Directions: Extract only the lines running from the top of the entries to the line that holds "Sponsored by rxcardclub.com.". Include that line and omit the pictures.

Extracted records
- Opening Delimiter -

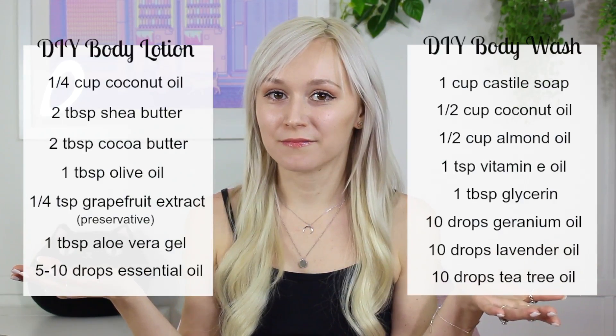Have you ever been googling something like DIY or homemade body wash and came across recipes that look like this? They always seem to come from Pinterest or some kind of natural green-friendly blogger. So let's talk about those recipes today.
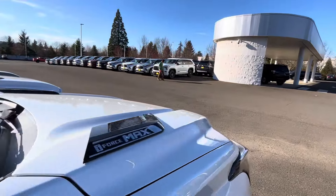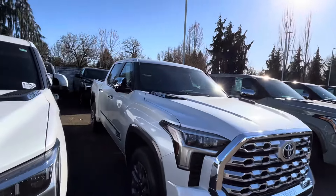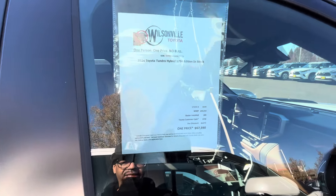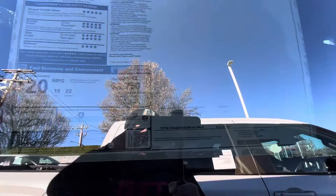This is another iForce Max. I think this will be a long video, we got too many trucks up in here. So four thousand dollar discount on the 1794 — let me show you some of the options on this one. This one retails for $72,000 — that's a lot of money for these trucks, guys.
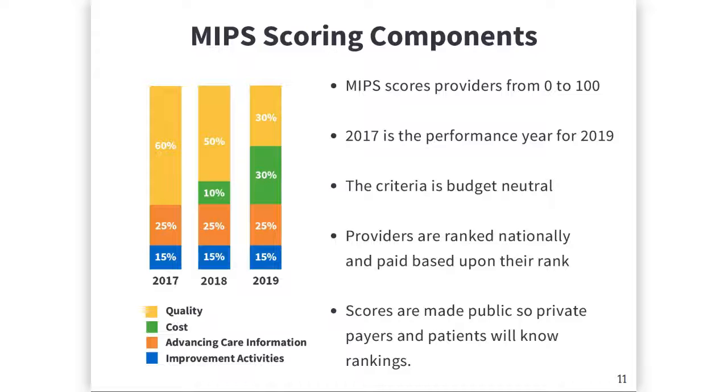which starts at 0% in year one and increases to 30% by year three. Advancing Care Information, which is previously Meaningful Use, is 25% of the score. And Clinical Practice Improvement Activities are 15% of the score.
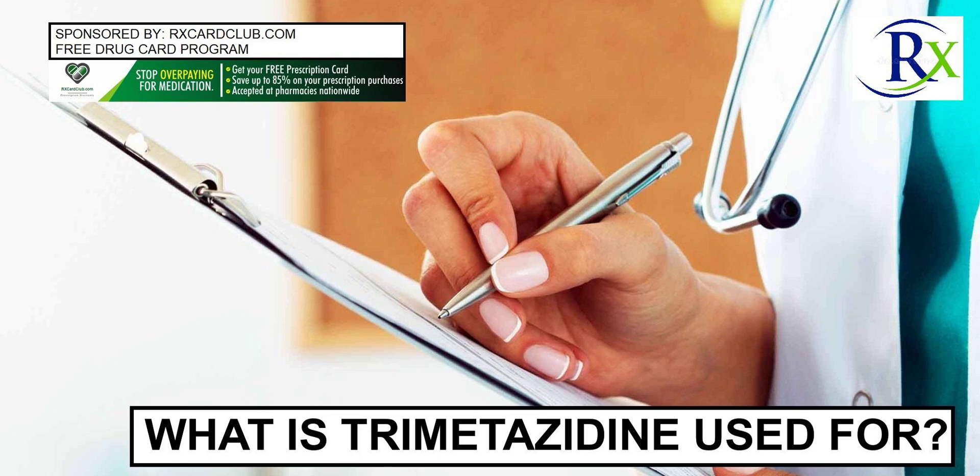Sponsored by rxcardclub.com. Get a free prescription drug card and save up to 85% on prescription drugs. rxcardclub.com.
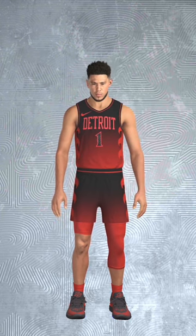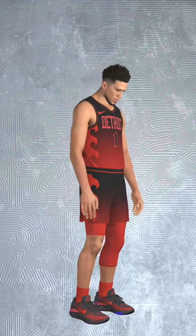Number five: the Detroit Dragons away jersey. It's a fire design, both literally and figuratively. That black to red gradient is sick, and then the flames on the sides really ties it all together.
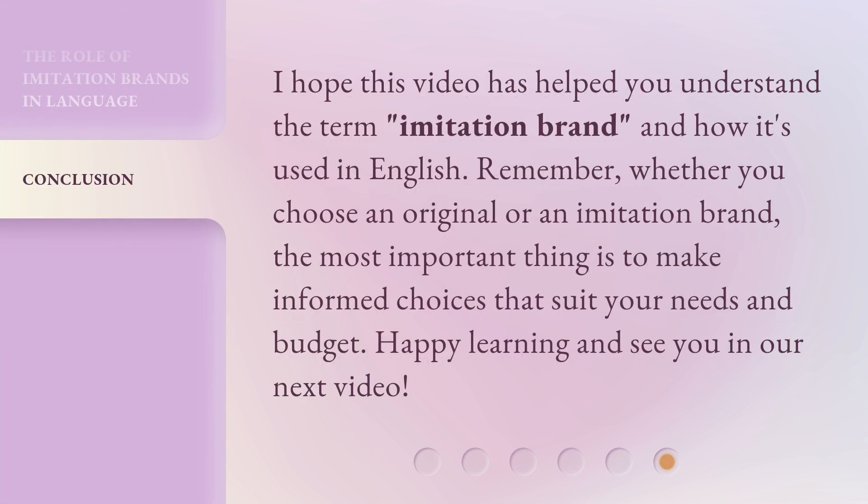I hope this video has helped you understand the term imitation brand and how it's used in English. Remember, whether you choose an original or an imitation brand, the most important thing is to make informed choices that suit your needs and budget. Happy learning and see you in our next video!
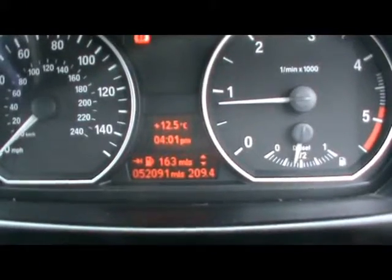And on the bottom there you can see the car has done 52,000 miles. If you'd like any more information on this car, please don't hesitate to contact us. Thanks for watching.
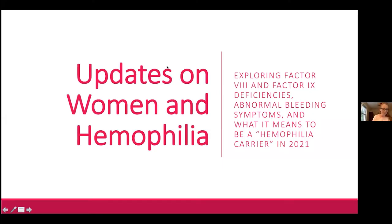My name is Megan and I have called this presentation 'Updates on Women in Hemophilia: Exploring Factor 8 and Factor 9 Deficiencies, Abnormal Bleeding Symptoms, and What It Means to Be a Hemophilia Carrier in 2021.'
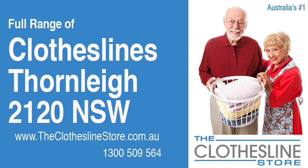Hello and welcome to the Clothesline Store. If you live in Thornley, NSW, 2120 and are looking for a brand new clothesline or an installation and removal service, we have a solution for you.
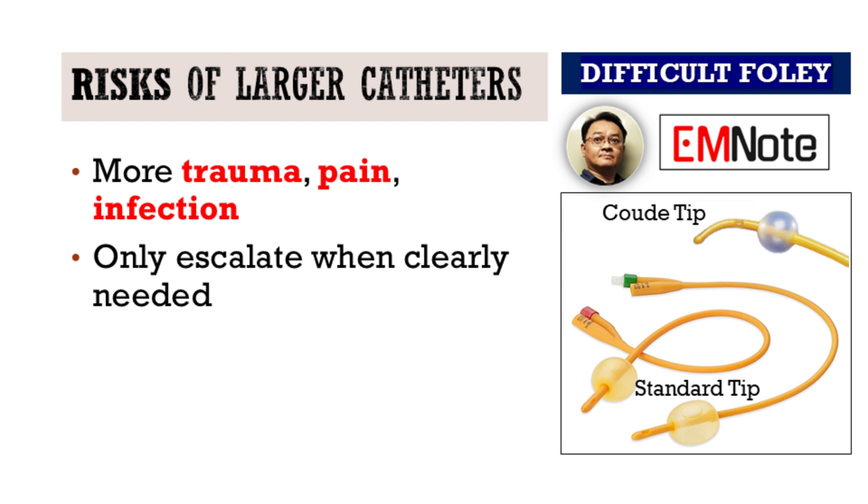But keep in mind, with increased size comes increased risk. Larger catheters can cause more trauma and discomfort, so escalate only when clearly indicated.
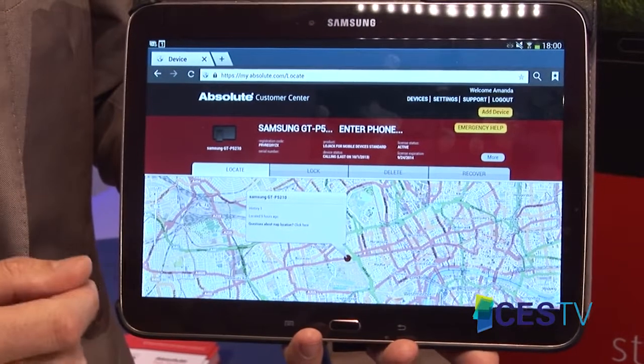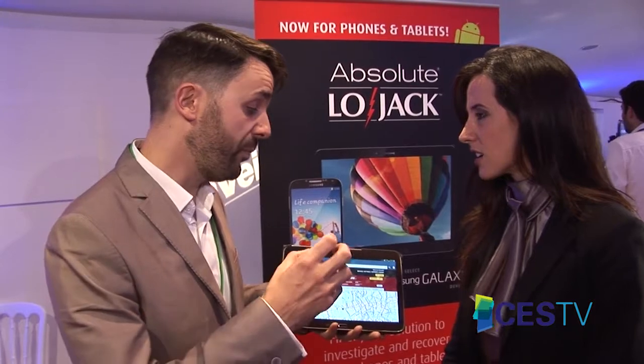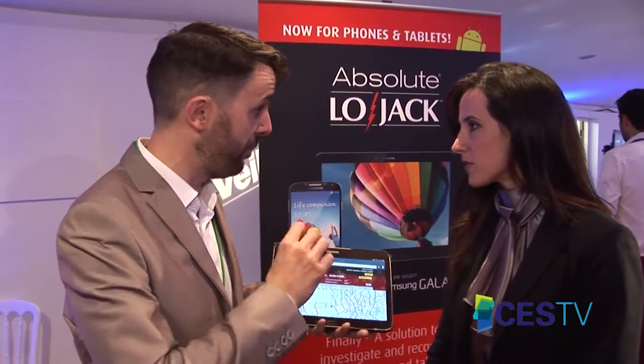So how does it work exactly? It's a persistent agent on the device that will pull back to our monitoring centres. In the scenario when the device becomes stolen or lost, it gives our customers the ability to flag that stolen and we'll instigate the recovery process working with local law enforcement.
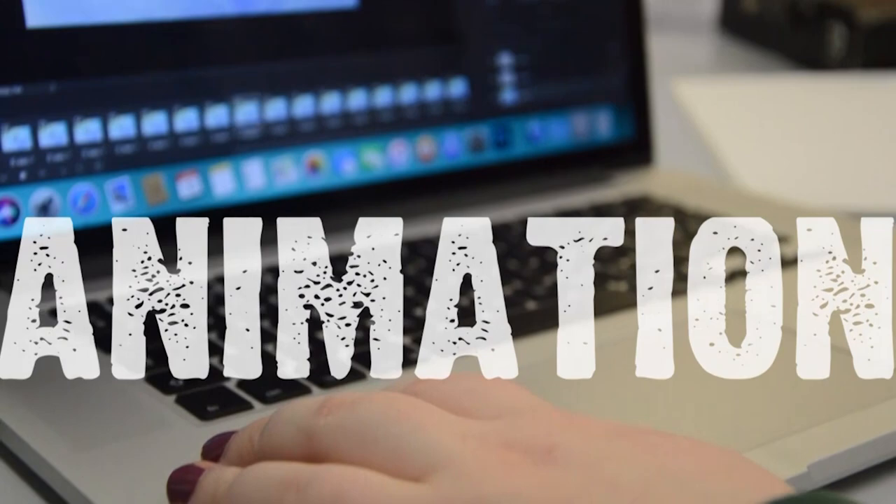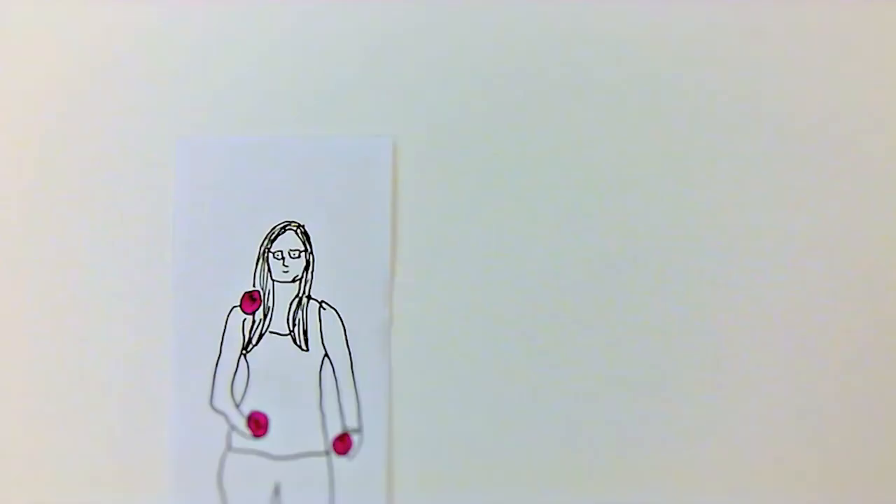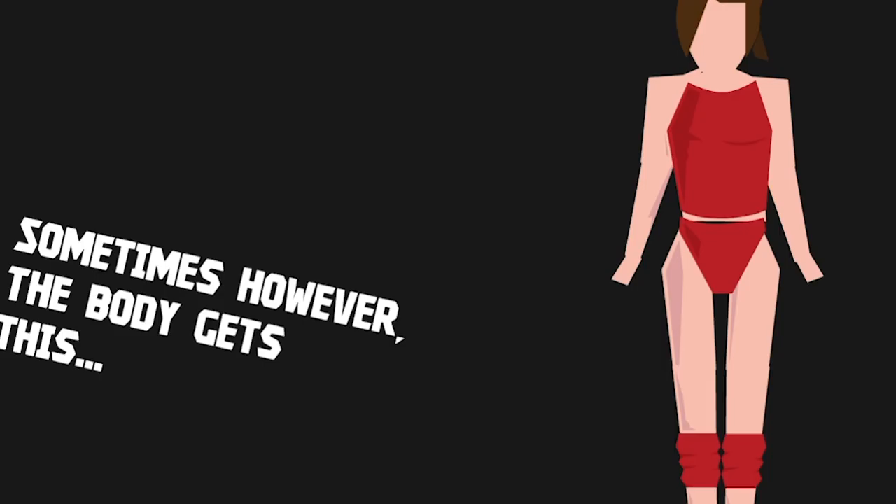Animation reflects the growing use of motion graphics in the design world. We can take these logos and illustrations and make them move in an exciting way. This could be in the form of short animated films or titles for TV and film, or GIFs for social media content.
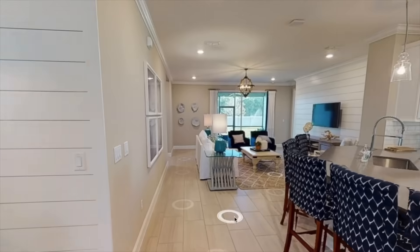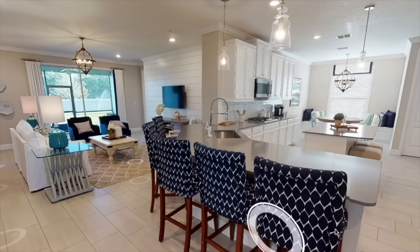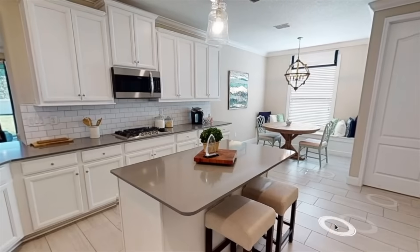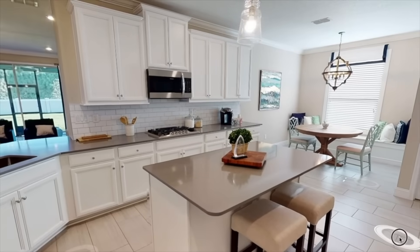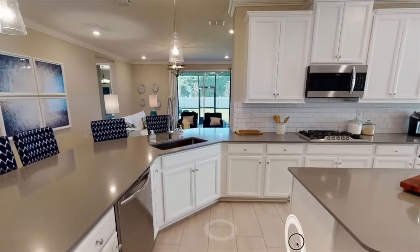Lennar Homes is making it easy to explore one of their two model homes at Tributary. The new 360-degree tour of the Tivoli model allows you to walk through this exquisitely designed home to see Lennar's award-winning home designs and finishes.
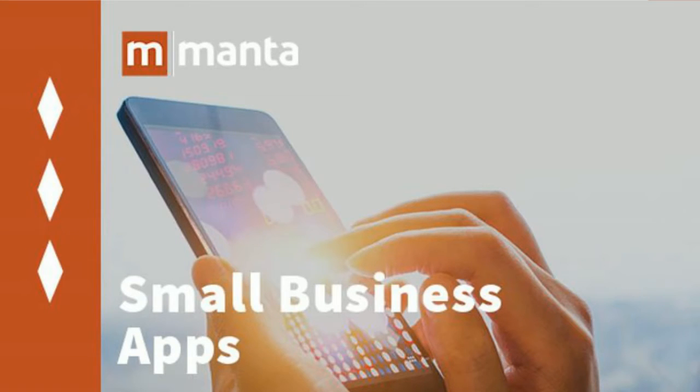Hello, and welcome back to Manta's Mobile Marketing Academy. We hope the first two courses in this series helped you begin developing a mobile marketing strategy for your small business. The third and final course in this Academy series will take a closer look at one of the mobile marketing tactics introduced in our last session: mobile apps.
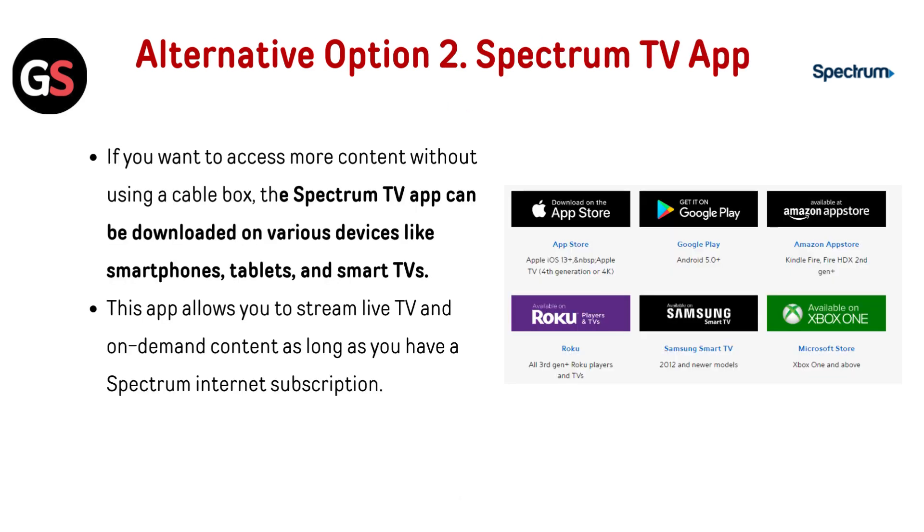Alternative option 2: the Spectrum TV app. If you want to access more content without using a cable box, the Spectrum TV app can be downloaded on various devices like smartphones, tablets, and smart TVs. This app allows you to stream live TV and on-demand content as long as you have a Spectrum Internet subscription.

- Closing Delimiter -

Output below:
Have you ever been googling something like DIY or homemade body wash and came across recipes that look like this? They always seem to come from Pinterest or some kind of natural green-friendly blogger. So let's talk about those recipes today.
This is another iForce Max. I think this will be a long video, we got too many trucks up in here. So four thousand dollar discount on the 1794 — let me show you some of the options on this one. This one retails for $72,000 — that's a lot of money for these trucks, guys.
which starts at 0% in year one and increases to 30% by year three. Advancing Care Information, which is previously Meaningful Use, is 25% of the score. And Clinical Practice Improvement Activities are 15% of the score.
Sponsored by rxcardclub.com. Get a free prescription drug card and save up to 85% on prescription drugs. rxcardclub.com.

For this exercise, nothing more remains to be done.